COLUMBIA — A message treated as a bomb threat at Hickman High School on Thursday morning led to a temporary lockdown at the school. No bomb was found, and no students were injured.
About 11 a.m., a student found the message typed on a library computer, Assistant Superintendent Lynn Barnett said. The message, typed in the user log-in space, read, “I hate school enough to blow it up today. 12.15,” Barnett said. The student immediately alerted staff.
As a precautionary measure, the school was placed on a red-level alert at 12:05 p.m., Hickman Principal Mike Jeffers said. Students had to remain in classrooms while police conducted sweeps of the school.
The lockdown was lifted after about 20 minutes, Jeffers said.
“I know it’s unsettling, but we have to be safe and follow procedure,” Jeffers said. “A threat is a threat.”
Hickman school administrators are investigating the case and have at least one suspect.
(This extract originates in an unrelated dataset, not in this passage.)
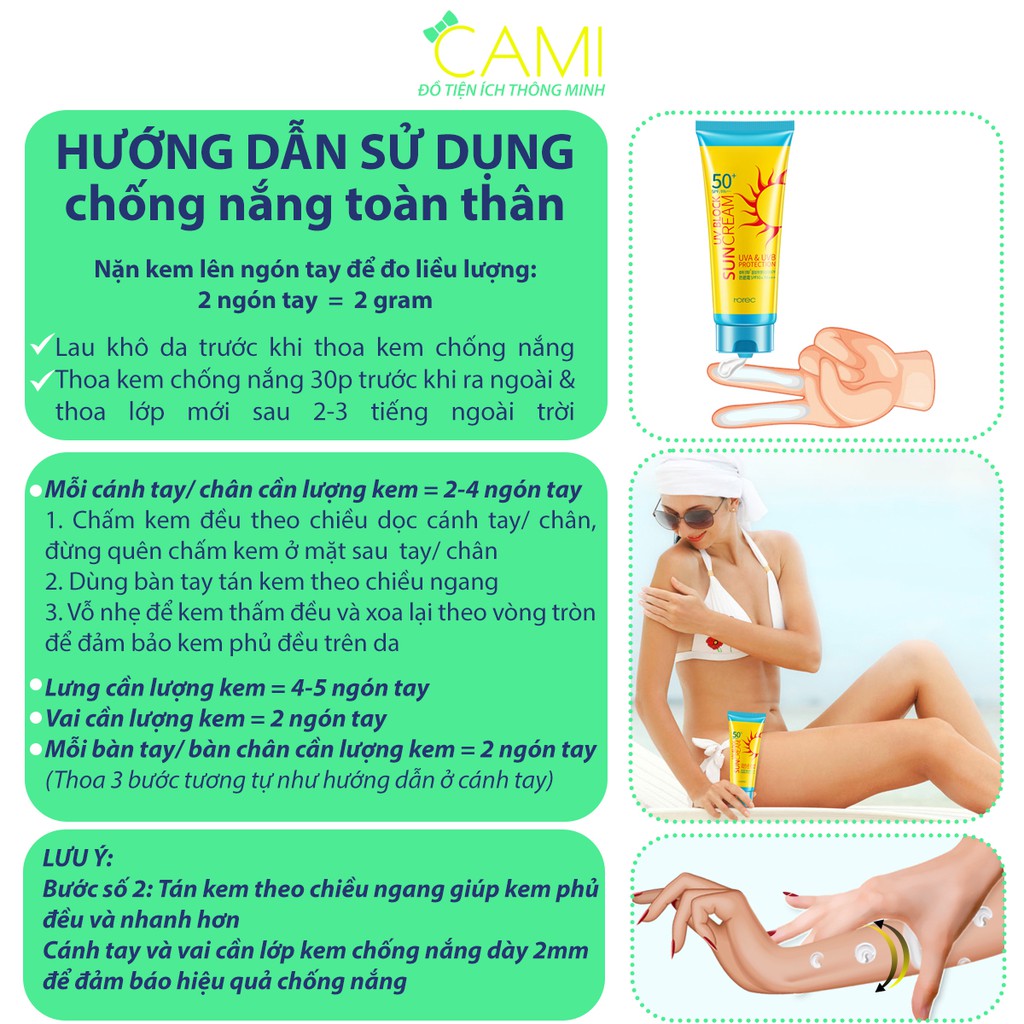 Kem chống nắng SPF50+ mỏng nhẹ và không bóng nhờn - Cami - MP008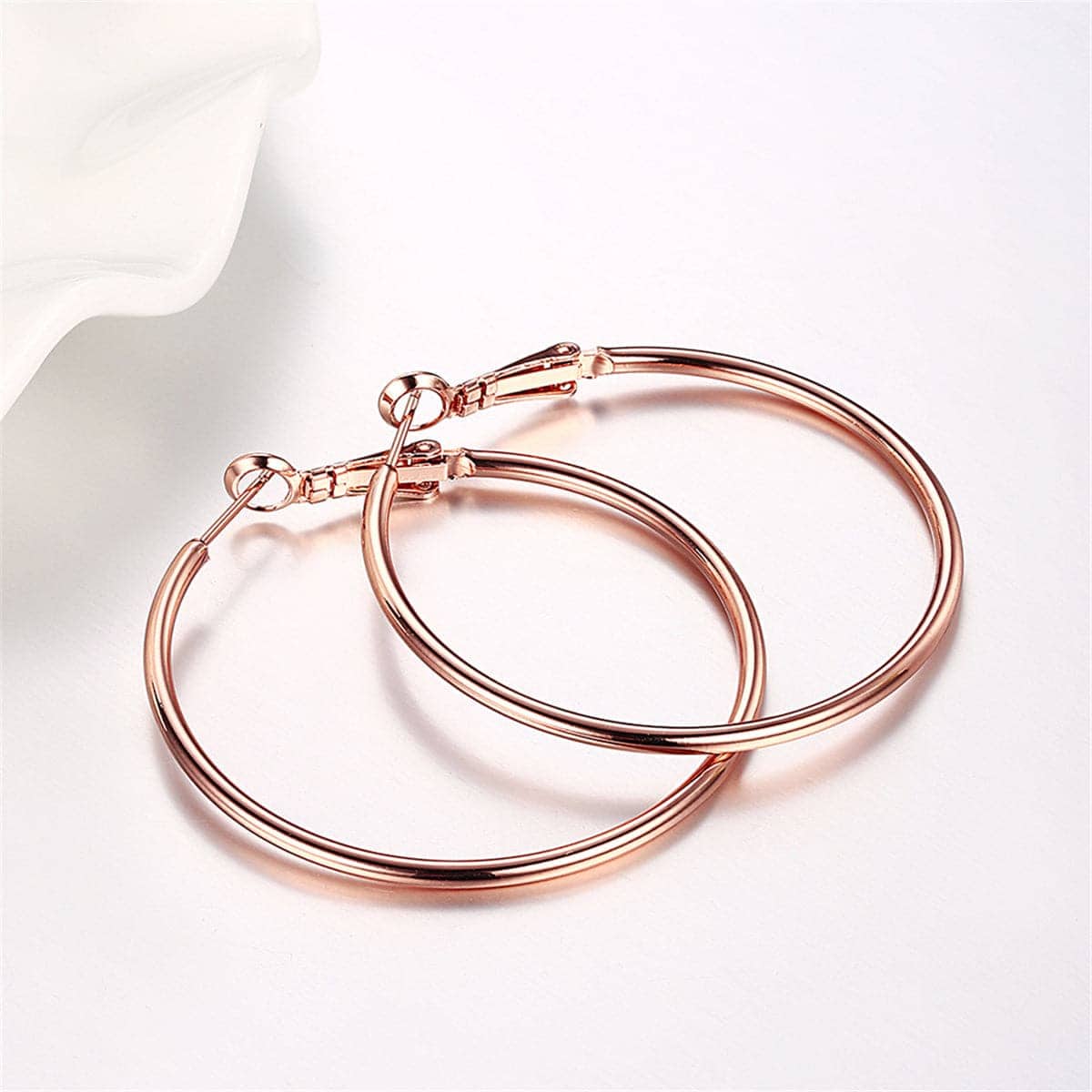 Rose Goldtone Hoop Earrings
Jeffers said any disciplinary action would follow the school’s investigation.
Mark Brotemarkle, the school resource officer for Hickman, said police will investigate if a suspect or suspects are identified or if more concrete information is discovered, largely because of the disruption caused to classes.
“Calling it a bomb threat gives it even more credit than it deserves,” Brotemarkle said.
Columbia police Sgt. Eric White said police didn’t think the threat was credible.
Students reacted in a variety of ways during the lockdown.
“We had a few kids panicking,” Jeffers said. Word spread and some people got antsy, he said.
Brotemarkle described the threat as “one of the weaker ones we’ve had.” But he said that text messaging among students might have inflated fears.
“A lot of students text messaged parents, and it may have caused people to be more concerned than was necessary,” Brotemarkle said.
Ninth-grader Joseph Liu said he was in French class when the school was locked down. “I was not scared,” Liu said. “I don’t really think that someone would be crazy enough to set up a bomb.”
After the lockdown, classes continued and school let out at the normal release time. Brotemarkle said a small fraction of the student body left early in response to the threat. Hickman has about 2,200 students, he said.
Jeffers does not think there is any immediate danger.
“I think we’re at a point in our investigation in which we can substantiate it’s not a threat,” Jeffers said.
The last time the school was locked down was in 2005, he said.